• _Material provided_

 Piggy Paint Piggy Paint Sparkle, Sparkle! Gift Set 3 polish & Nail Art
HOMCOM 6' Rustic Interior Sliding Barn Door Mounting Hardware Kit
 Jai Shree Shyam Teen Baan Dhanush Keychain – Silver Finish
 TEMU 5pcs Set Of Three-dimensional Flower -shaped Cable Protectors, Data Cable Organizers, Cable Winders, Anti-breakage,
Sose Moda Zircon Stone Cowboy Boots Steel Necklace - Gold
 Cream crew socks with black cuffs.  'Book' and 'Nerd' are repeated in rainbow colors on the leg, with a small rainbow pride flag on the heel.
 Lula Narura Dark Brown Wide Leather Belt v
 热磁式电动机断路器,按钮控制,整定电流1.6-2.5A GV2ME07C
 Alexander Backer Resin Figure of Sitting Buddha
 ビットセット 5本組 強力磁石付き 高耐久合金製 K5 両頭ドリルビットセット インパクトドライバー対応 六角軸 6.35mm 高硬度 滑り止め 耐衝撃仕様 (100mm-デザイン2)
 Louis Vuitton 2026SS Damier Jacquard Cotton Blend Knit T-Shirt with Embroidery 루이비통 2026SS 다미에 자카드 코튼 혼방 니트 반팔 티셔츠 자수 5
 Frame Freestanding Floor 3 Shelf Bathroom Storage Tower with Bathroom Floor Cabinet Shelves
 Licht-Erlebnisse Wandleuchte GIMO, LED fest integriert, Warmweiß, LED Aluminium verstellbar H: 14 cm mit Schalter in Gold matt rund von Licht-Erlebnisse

• _What you have to do_
Include in the answer nothing but an exact repetition of the lines from the one with "Cream crew socks" through the end of the material.

• _Expected answer_
 Cream crew socks with black cuffs.  'Book' and 'Nerd' are repeated in rainbow colors on the leg, with a small rainbow pride flag on the heel.
 Lula Narura Dark Brown Wide Leather Belt v
 热磁式电动机断路器,按钮控制,整定电流1.6-2.5A GV2ME07C
 Alexander Backer Resin Figure of Sitting Buddha
 ビットセット 5本組 強力磁石付き 高耐久合金製 K5 両頭ドリルビットセット インパクトドライバー対応 六角軸 6.35mm 高硬度 滑り止め 耐衝撃仕様 (100mm-デザイン2)
 Louis Vuitton 2026SS Damier Jacquard Cotton Blend Knit T-Shirt with Embroidery 루이비통 2026SS 다미에 자카드 코튼 혼방 니트 반팔 티셔츠 자수 5
 Frame Freestanding Floor 3 Shelf Bathroom Storage Tower with Bathroom Floor Cabinet Shelves
 Licht-Erlebnisse Wandleuchte GIMO, LED fest integriert, Warmweiß, LED Aluminium verstellbar H: 14 cm mit Schalter in Gold matt rund von Licht-Erlebnisse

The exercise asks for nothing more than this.